*What you are asked to do*.
Quote, word for word, only the lines running from the line with "26 SALMON SIDE Road Unit 117 photo 1" through the end of the listing. Leave out the pictures.

*Exercise data*.
============================================================
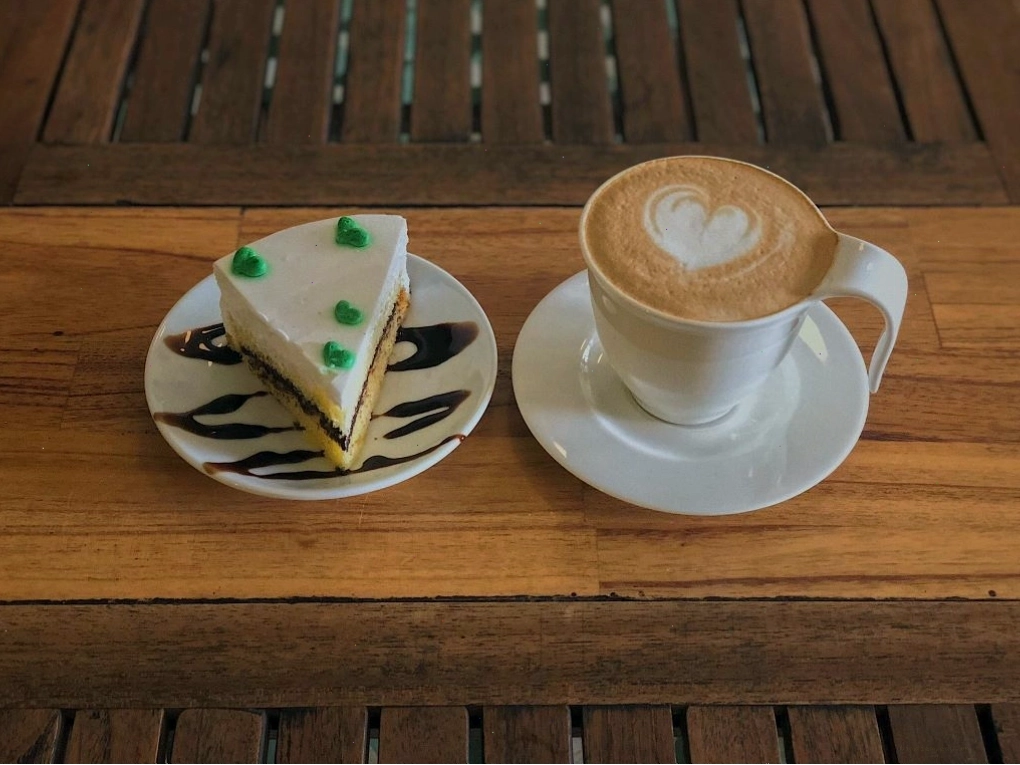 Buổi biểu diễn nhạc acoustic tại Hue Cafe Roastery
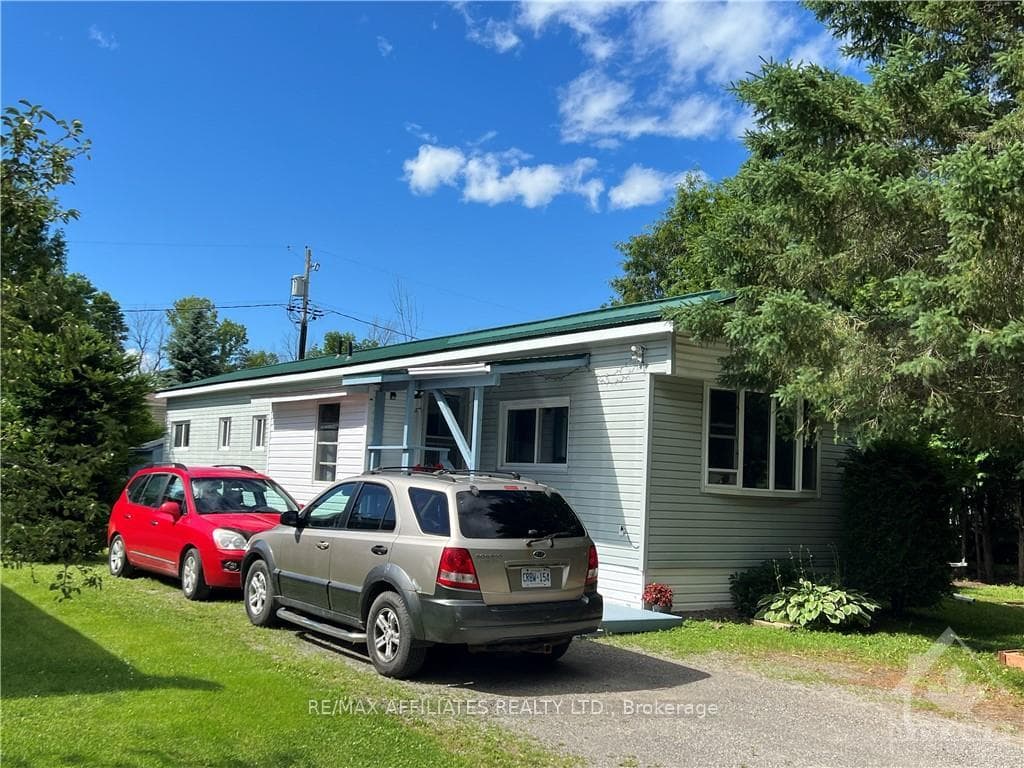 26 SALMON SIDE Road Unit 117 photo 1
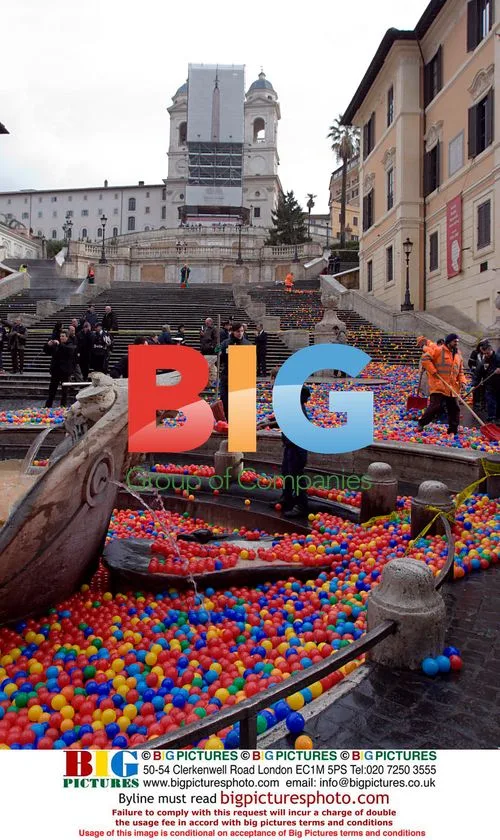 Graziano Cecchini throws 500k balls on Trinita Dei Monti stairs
============================================================
*Answer section*.
 26 SALMON SIDE Road Unit 117 photo 1
 Graziano Cecchini throws 500k balls on Trinita Dei Monti stairs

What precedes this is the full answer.